In a follow-up to previous research, a group of scientists at the University of South Florida and Auburn have established that, in fact, snakes are a source for the mosquito-borne Eastern equine encephalitis virus that kills horses and humans.
Scientists at the University of South Florida and Auburn have established that snakes are a source for the mosquito-borne Eastern equine encephalitis virus that kills horses and humans.
© 2012 by Ltshears
Since the mosquito population cannot survive during the cold winter months along the Eastern seaboard, scientists theorized that perhaps snakes could serve as reservoirs for the virus during hibernation and on into springtime when a new population of mosquitoes emerge.
The Eastern equine encephalomyelitis virus is found from Florida to Massachusetts and in parts of Latin America. The virus causing the disease normally circulates only in birds, but when it jumps to mammals, it kills 90 percent of infected horses and about a third of the roughly ten Americans who get it each year.
When scientists examined mosquitoes, it was found that they had ingested snake blood. During their research, garter snakes were infected with the virus and then put into hibernation mode in refrigerators.
The virus survived during hibernation.
Then the scientists ventured out into the Tuskegee National Forest swamp in Alabama, capturing mosquitoes found in beaver dens and drawing blood from poisonous cottonmouth snakes.
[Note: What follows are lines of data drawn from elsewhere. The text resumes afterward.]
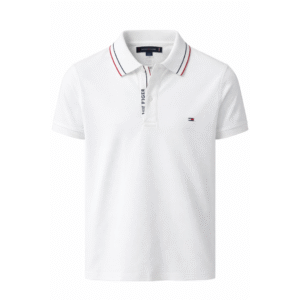 tommy tipped collar polo shirt white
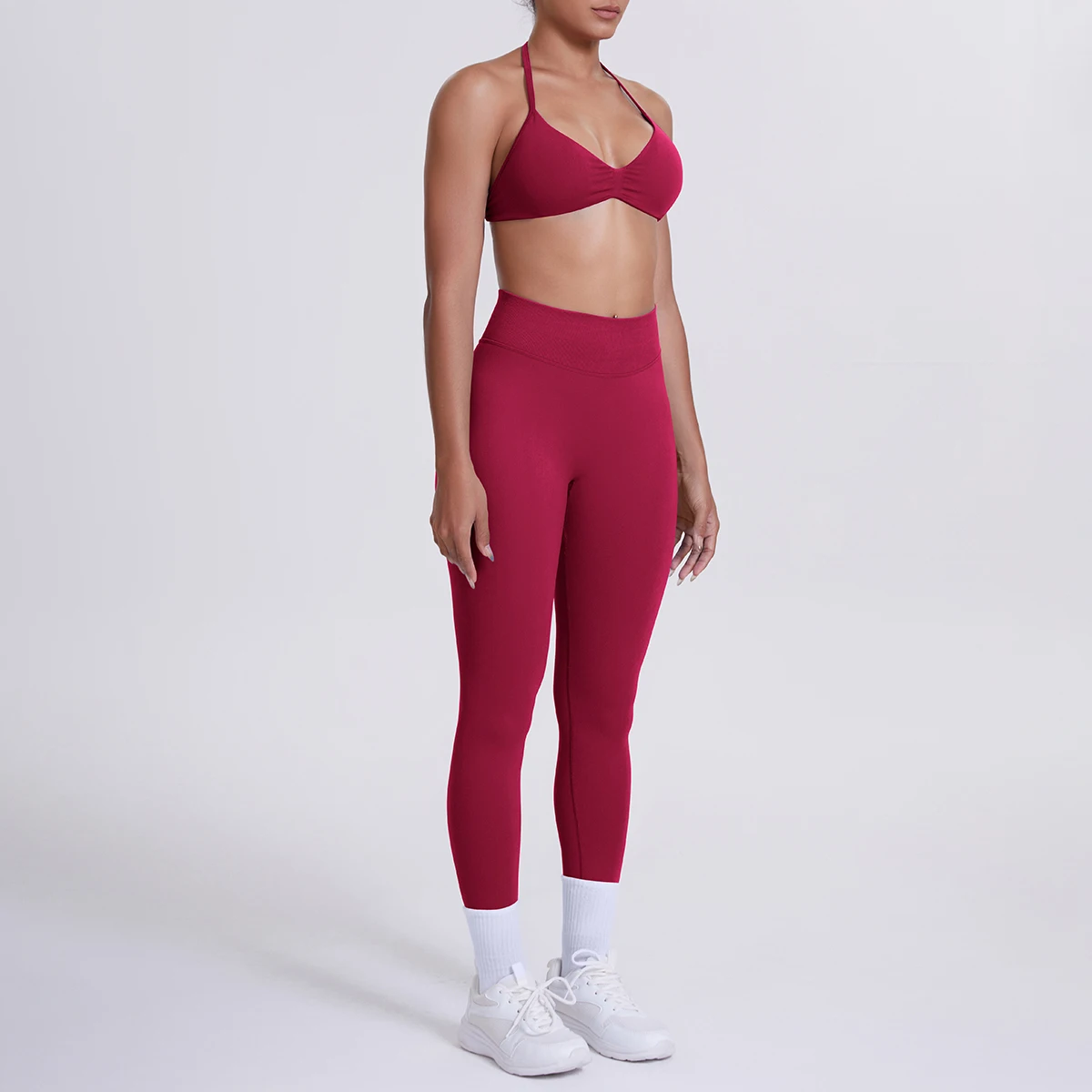 Frauen 2 stücke Patchwork Sport Yoga Anzug Training Ärmellose Sport Gym Tops Bauch-steuer Abnehmen Booty Leggings Yoga Anzug Sport – Detail 34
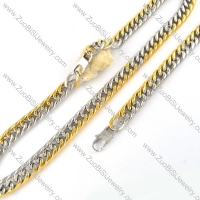 Half Gold and Silver Stainless Steel Necklace Set -s000170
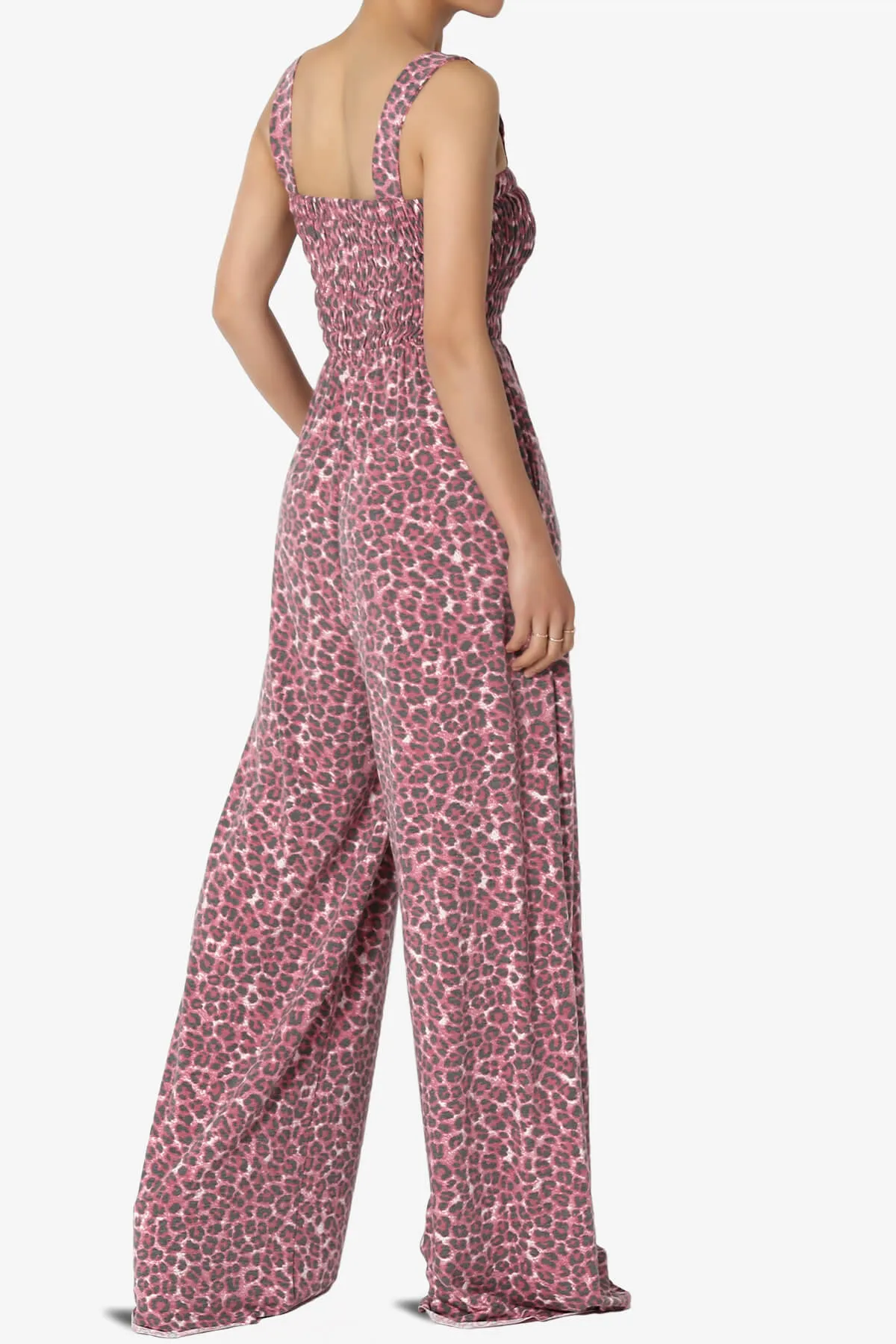 Kenley Leopard Smocked Cami Wide Leg Jumpsuit TALL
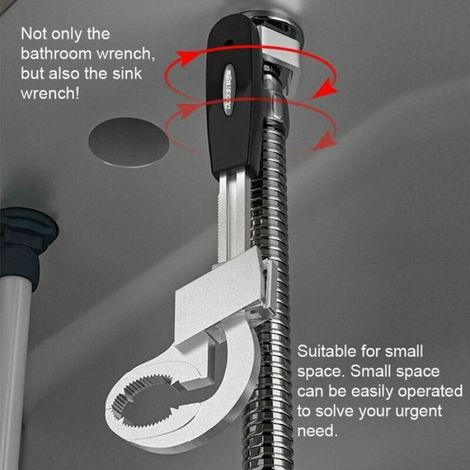 Clé multifonction 80 mm pour évier & robinets, réglable avec boîte et 3 mandrins (1/5)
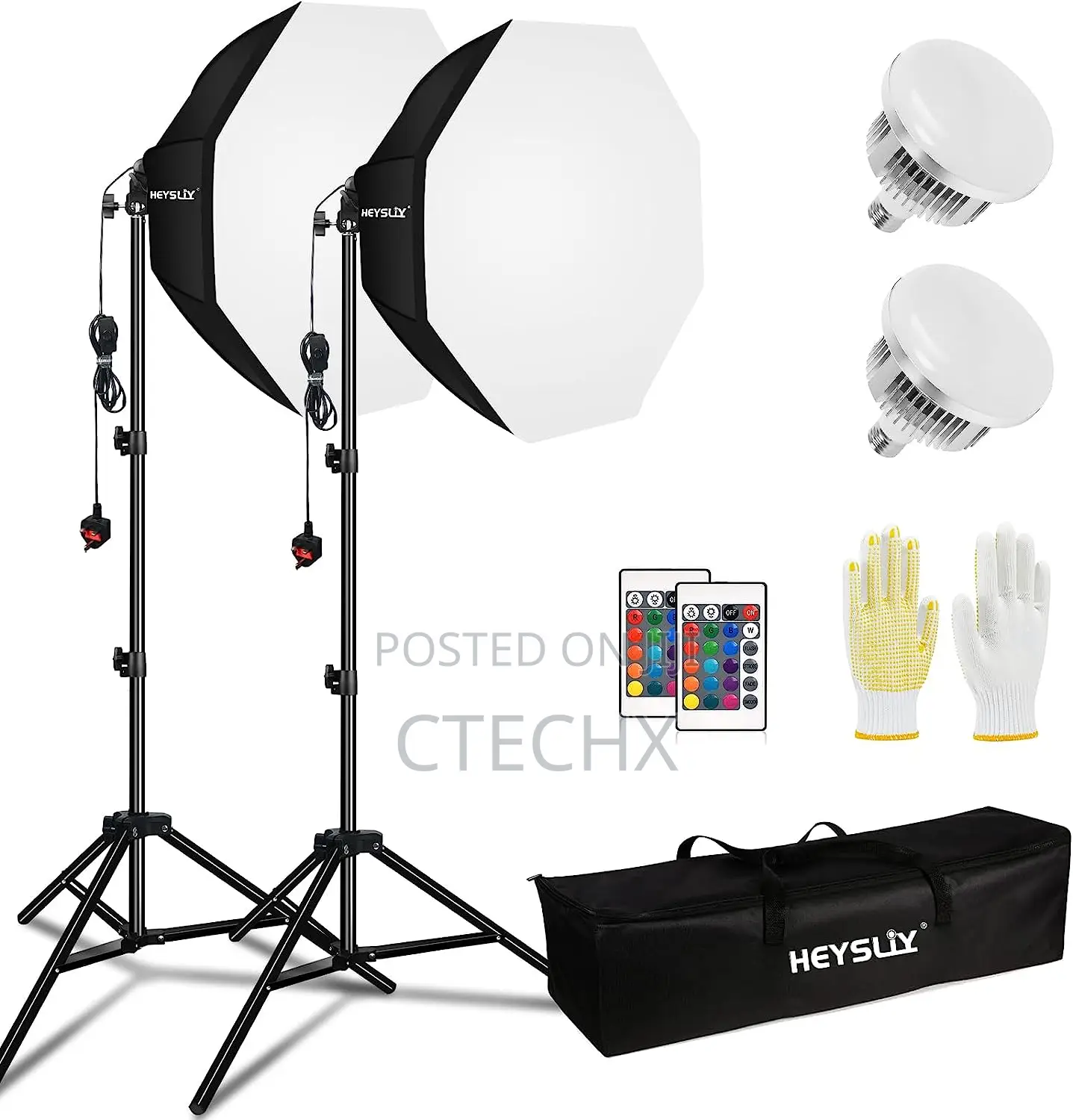 Octagonal Softbox Photography RGB Lighting Kit 2x26''/65cm
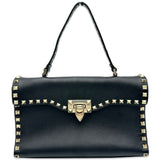 ヴァレンティノ VALENTINO ロックスタッズ2WAYショルダー ブラック ゴールド金具 レザー/スタッズ レディース ショルダーバッグ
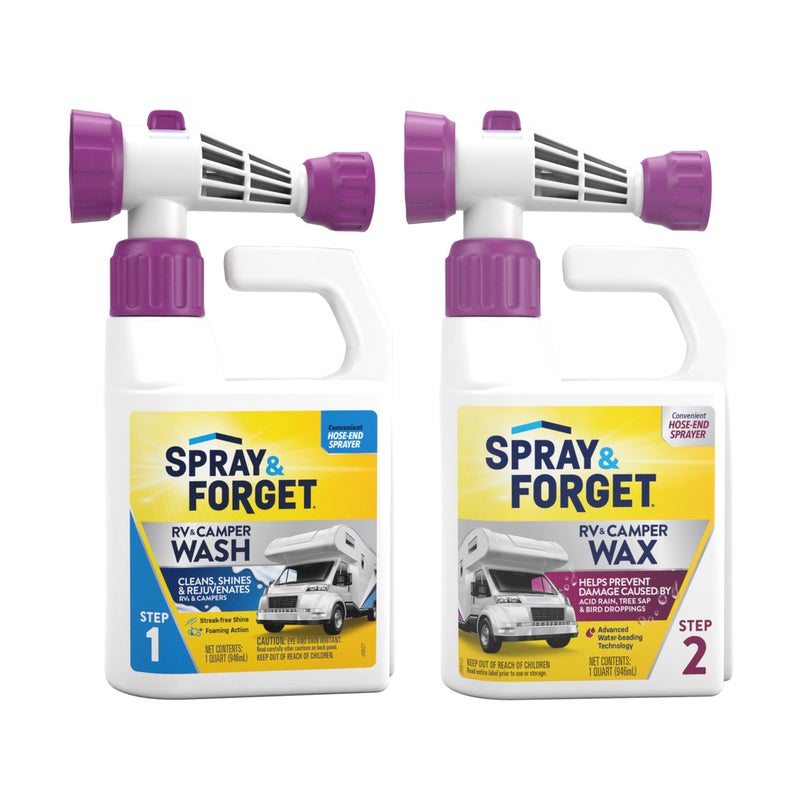 Spray & Forget سبراي وفورجيت لغسيل وتلميع المركبات الترفيهية والكرفانات، يشمل غسيل المركبات الترفيهية والكرفانات (1 لتر) وتلميع المركبات الترفيهية والكرفانات (1 لتر) مع محولات نهاية خرطوم جاهزة للاستخدام - Image 1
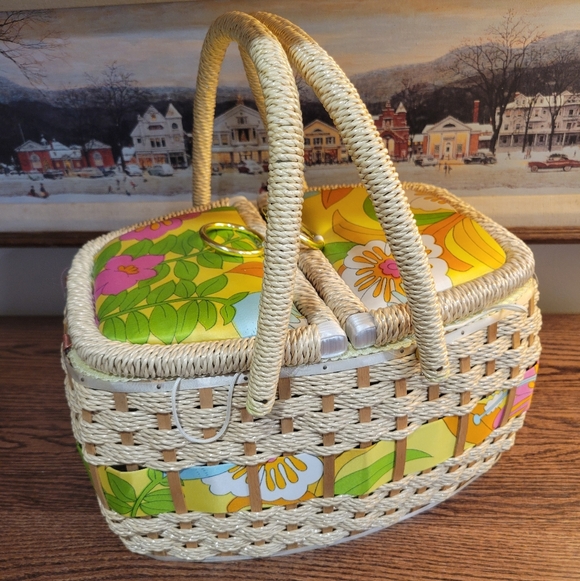 Vintage Wicker Sewing Basket
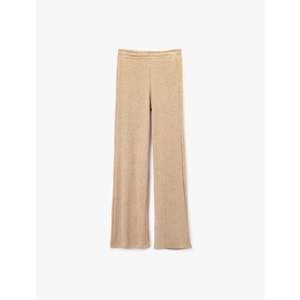 Kadın Giyim Slim Fit Uzun Kollu Yuvarlak Kayık Yaka Simli Tişört - KOTON - 6WAK40006EK - BEJ - M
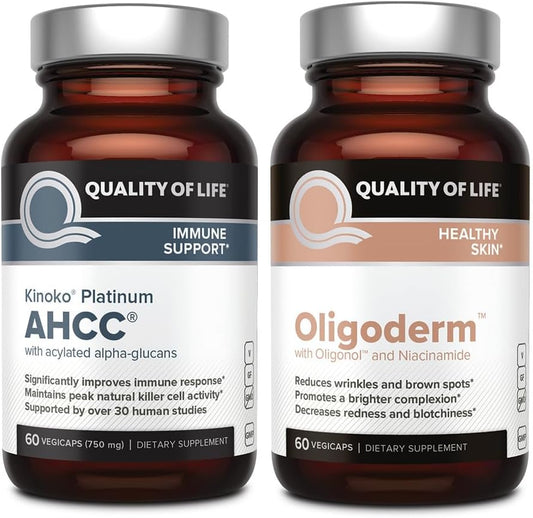 Immune Support and Skin Health Bundle with Kinoko Platinum AHCC Mushroom Extract and Oligoderm Oligoderm with Oligonol Lychee Extract for Enhanced Quality of Life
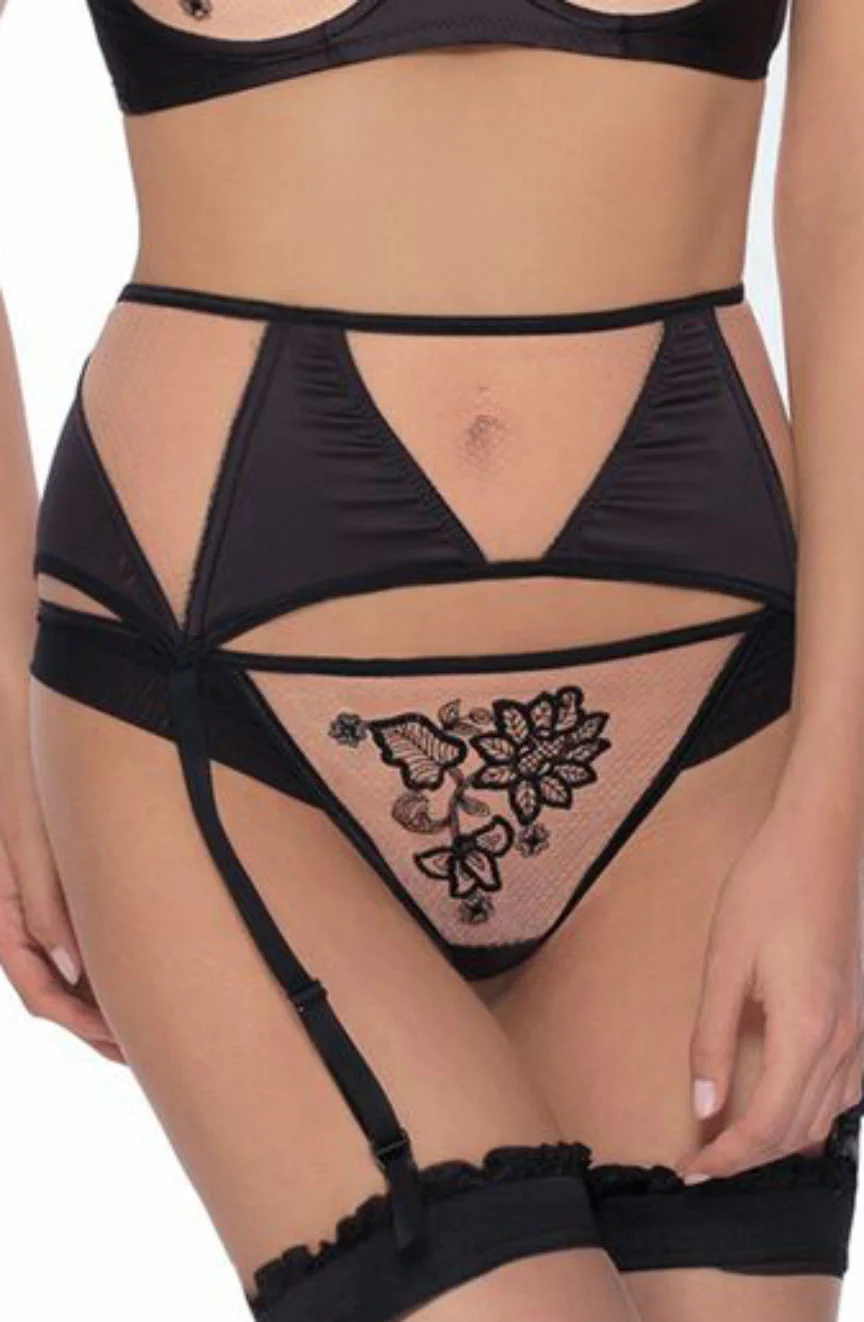 Roza Mehendi Suspender Belt Black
They found that virus levels in the snakes peaked in the spring and fall, said Thomas R. Unnasch, lead author of the study, published online by The American Journal of Tropical Medicine and Hygiene.
“Snakes’ immune systems work better when it’s warm,” he said, so they do not clear the virus in cold weather. In spring, when they venture out to warm up, mosquitoes pick up the virus again by biting snakes.
In a bit of trivia, that is also an important fact, the scientists revealed that since mosquitoes cannot pierce through a snake's skin, they bite the eyes of the snake, thereby ingesting the virus.